Иногда они выглядят как закорючки в Тристраме Шенди автору хочется видеть в нас посвященных. А в других случаях эти настойчивые реликвии кажутся дерзким вызовом самодостаточности слов. Всё же, рассказывая в Кольцах Сатурна о своей любимой Морской читальне в Саутуолде, где он часами сидел над записями в вахтенном журнале патрульного судна, снявшегося с якоря осенью 1914 года, Зебальд пишет: «всякий раз, как я расшифровывал одну из этих записей, мне казалось, что след, давным-давно исчезнувший в воздухе или на воде, вдруг проступал на странице». И тогда, продолжает Зебальд, закрыв крапчатую как мрамор обложку вахтенного журнала, он вновь задумывался «о таинственной силе писаного слова».
2000
Плод мудрости
Другая красота мудрая, радужная книга польского писателя Адама Загаевского простирает крылья над множеством жанров: воспоминания о взрослении, повседневные заметки, афористичные размышления, виньетки, апология поэзии то есть защита идеи литературного величия.

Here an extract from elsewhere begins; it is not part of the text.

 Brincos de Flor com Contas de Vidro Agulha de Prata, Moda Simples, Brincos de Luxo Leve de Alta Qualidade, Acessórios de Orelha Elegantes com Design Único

Конечно, назвать Загаевского писателем не совсем верно: поэт, который пишет неизбежную прозу, не утрачивает прав на более высокое звание. Проза это дело многословное, в частности, проза Загаевского заполняет гораздо больше страниц, чем его стихи. Но в канонической двухпартийной системе литературы поэзия всегда попирает прозу. Поэзия олицетворяет литературу в ее самой серьезной, самой насыщенной, самой желанной ипостаси. «Автор и читатель всегда мечтают о великом стихотворении, о его создании, прочтении, проживании». Жить стихами: возвыситься поэзией, погрузиться в ее глубины, быть ею на мгновение спасенным.